Carbon Dioxide in a Brown Diamond

Mei Yan Lai and Virginia Schwartz

The Carlsbad laboratory recently examined a 1.03 ct natural Fancy Dark brown diamond with uneven color zoning and abundant black inclusions (figure 1). The diamond had infrared absorption features at 2370 and 659 cm^–1, corresponding to the asymmetric stretching mode and bending mode of carbon dioxide, respectively (E. Barannik et al., “Shift of CO₂-I absorption bands in diamond: A pressure or compositional effect? A FTIR mapping study,” Diamond and Related Materials, Vol. 113, 2021, article no. 108280). Diamonds containing carbon dioxide are rarely submitted for diamond grading reports, and this brown diamond is one of the few GIA has encountered. Carbon dioxide likely exists as submicroscopic solid inclusions in natural diamond (M. Schrauder and O. Navon, “Solid carbon dioxide in a natural diamond,” Nature, Vol. 365, 1993, pp. 42–44). The major infrared absorption peaks observed are shifted from the peak positions of atmospheric carbon dioxide (2350 and 667 cm^–1), and the peak shift depends on pressure and the presence of impurities such as water and nitrogen in the trapped carbon dioxide inclusions (Barannik et al., 2021).

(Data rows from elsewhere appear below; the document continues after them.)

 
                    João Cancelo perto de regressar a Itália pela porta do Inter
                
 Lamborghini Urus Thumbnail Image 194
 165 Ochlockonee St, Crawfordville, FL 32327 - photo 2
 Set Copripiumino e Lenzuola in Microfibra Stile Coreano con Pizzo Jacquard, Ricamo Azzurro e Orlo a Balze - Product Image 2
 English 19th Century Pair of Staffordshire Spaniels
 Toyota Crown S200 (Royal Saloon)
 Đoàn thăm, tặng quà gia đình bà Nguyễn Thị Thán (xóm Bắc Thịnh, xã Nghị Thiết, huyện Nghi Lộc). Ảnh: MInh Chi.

Carbonate-related absorptions at 1433 and 870 cm^–1 were also detected. These absorptions have previously been reported in some natural diamonds containing solid carbon dioxide inclusions (e.g., Summer 2005 Lab Notes, pp. 165–167; Barannik et al., 2021). Clusters of black hexagonal inclusions were observed in the diamond (figure 2), and the individual inclusions ranged in size from <1 to ~50 μm. Similar inclusions have been documented in some carbon dioxide–bearing natural diamonds and identified as graphite platelets (A. Shiryaev et al., “Exsolution of oxygen impurity from diamond lattice and formation of pressurized CO₂-I precipitates,” Carbon Trends, Vol. 11, 2023, article no. 100270).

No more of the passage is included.